Break backward compatibility for Active Installs

Hi devs,

I’d like to break the backward compatibility for the Active Installs module. The main reason is that I’m working on upgrading the ElasticSearch (ES) support from version 1.1 to 7.17.x (latest stable), and a lot of things have changed in ES over this time. Some examples:

  • The framework we were using to access ES (JestClient) has stopped supporting versions of ES a long time ago
  • It also didn’t support Java 11
  • ES has stopped providing a _timestamp field
  • ES has stopped recommending using a type (only the index is recommended now, i.e. installs3 instead of installs3/installs
  • The latest ES java client API is now a typed API and this means exposing a Ping java object as the result of queries instead of an untyped JsonObject.
  • And some more…

I’m also taking the opportunity to provide improvements to the schema to make it more extensible (each data provider now provides its data as a sub item).

Before:

{
    "dbName": "HSQL Database Engine",
    "extensions": [
        {
            "id": "org.xwiki.platform:xwiki-platform-dashboard-ui",
            "version": "6.1-SNAPSHOT"
        },
        ...
    ],
    "instanceId": "xxxxx-0846-4eec-85f0-yyyyyyy",
    "firstPingDate": 1399304100207,
    "dbVersion": "2.3.2",
    "javaVendor": "Oracle Corporation",
    "distributionVersion": "6.1-SNAPSHOT",
    "osName": "Linux",
    "sinceDays": 5,
    "osArch": "amd64",
    "distributionId": "org.xwiki.enterprise:xwiki-enterprise-web",
    "javaVersion": "1.7.0_51",
    "osVersion": "3.10.23-vs2.3.6.8-beng"
}

Now:

{
	"date": {
		"current": "2022-02-24T12:37:29.844197419Z",
		"first": "2022-02-24T12:37:29.844197419Z",
		"since": 0
	},
	"memory": {
		"total": 536870912,
		"max": 1610612736,
		"used": 202686312,
		"free": 334184600
	},
	"os": {
		"name": "Mac OS X",
		"arch": "aarch64",
		"version": "12.2"
	},
	"distribution": {
		"extension": {
			"features": ["featureId/featureVersion"],
			"id": "distributionId",
			"version": "distributionVersion"
		},
		"instanceId": "a0e7adc7-84b7-42f1-a756-1f32ef3fe9da"
	},
	"extensions": [{
		"features": ["featureId1/featureVersion1"],
		"id": "extensionId1",
		"version": "extensionVersion1"
	}, {
		"features": ["featureId2/featureVersion2"],
		"id": "extensionId2",
		"version": "extensionVersion2"
	}],
	"database": {
		"name": "databaseProductName",
		"version": "databaseProductVersion"
	},
	"java": {
		"vendor": "JetBrains s.r.o.",
		"version": "11.0.13",
		"specificationVersion": "11"
	},
	"servletContainer": {
		"name": "servletcontainername",
		"version": "servletcontainerversion"
	}
}

If ActiveInstalls was a contrib extension this would be a major new version, but since it’s inside XS, I can’t do this.

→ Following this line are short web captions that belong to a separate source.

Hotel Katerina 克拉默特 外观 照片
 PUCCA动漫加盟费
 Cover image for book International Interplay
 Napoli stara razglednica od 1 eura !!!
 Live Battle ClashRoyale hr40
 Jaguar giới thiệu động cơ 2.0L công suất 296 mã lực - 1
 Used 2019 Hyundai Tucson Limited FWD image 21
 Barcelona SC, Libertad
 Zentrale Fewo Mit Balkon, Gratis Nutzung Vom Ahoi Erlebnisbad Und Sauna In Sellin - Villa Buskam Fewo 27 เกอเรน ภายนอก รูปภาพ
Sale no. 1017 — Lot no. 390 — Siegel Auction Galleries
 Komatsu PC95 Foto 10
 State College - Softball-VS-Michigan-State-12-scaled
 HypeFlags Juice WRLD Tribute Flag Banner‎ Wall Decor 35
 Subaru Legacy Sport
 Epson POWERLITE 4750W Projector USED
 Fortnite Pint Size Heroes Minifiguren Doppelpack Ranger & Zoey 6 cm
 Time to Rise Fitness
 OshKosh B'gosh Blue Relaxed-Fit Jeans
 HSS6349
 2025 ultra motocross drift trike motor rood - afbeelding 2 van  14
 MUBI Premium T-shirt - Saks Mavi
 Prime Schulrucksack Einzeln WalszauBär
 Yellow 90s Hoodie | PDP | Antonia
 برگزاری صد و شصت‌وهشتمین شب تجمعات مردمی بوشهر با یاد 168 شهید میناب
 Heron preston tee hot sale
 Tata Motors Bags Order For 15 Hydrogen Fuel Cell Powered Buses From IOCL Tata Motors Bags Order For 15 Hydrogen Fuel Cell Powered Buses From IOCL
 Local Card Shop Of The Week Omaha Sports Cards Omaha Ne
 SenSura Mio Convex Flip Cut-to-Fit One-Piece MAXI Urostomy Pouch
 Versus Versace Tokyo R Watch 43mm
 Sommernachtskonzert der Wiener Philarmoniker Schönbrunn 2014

Since I don’t believe there are lots of users of the API and since the schema has changed anyway (this means users need to update their code anyway to make it work), I’m proposing to break backward compatibility.

WDYT?

Thanks

It’s not very clear to me what is exactly broken here. You seem to be talking only about people manipulating the schema, but doesn’t this change also means we won’t receive pings from instances in older versions of XWiki too ?

Good question.

For old versions of XWiki, my immediate plan would be to keep the ES 1.1 instance. What could be done in the future (but I think it’s overkill) would be to create a proxy server to convert the old JestClient HTTP request (and the old ES 1.1 responses) but it’s really a lot of work.

Now this means that old XWiki pings can still be recorded but we still won’t be able to display them in the ActiveInstalls queries/dashboard. One option could be to move the current ActiveInstalls code in xwiki-attic and have the new ActiveInstalls code use a different maven artifactId + a new xwiki space for the wiki pages so that we could install both extensions on xwiki.org.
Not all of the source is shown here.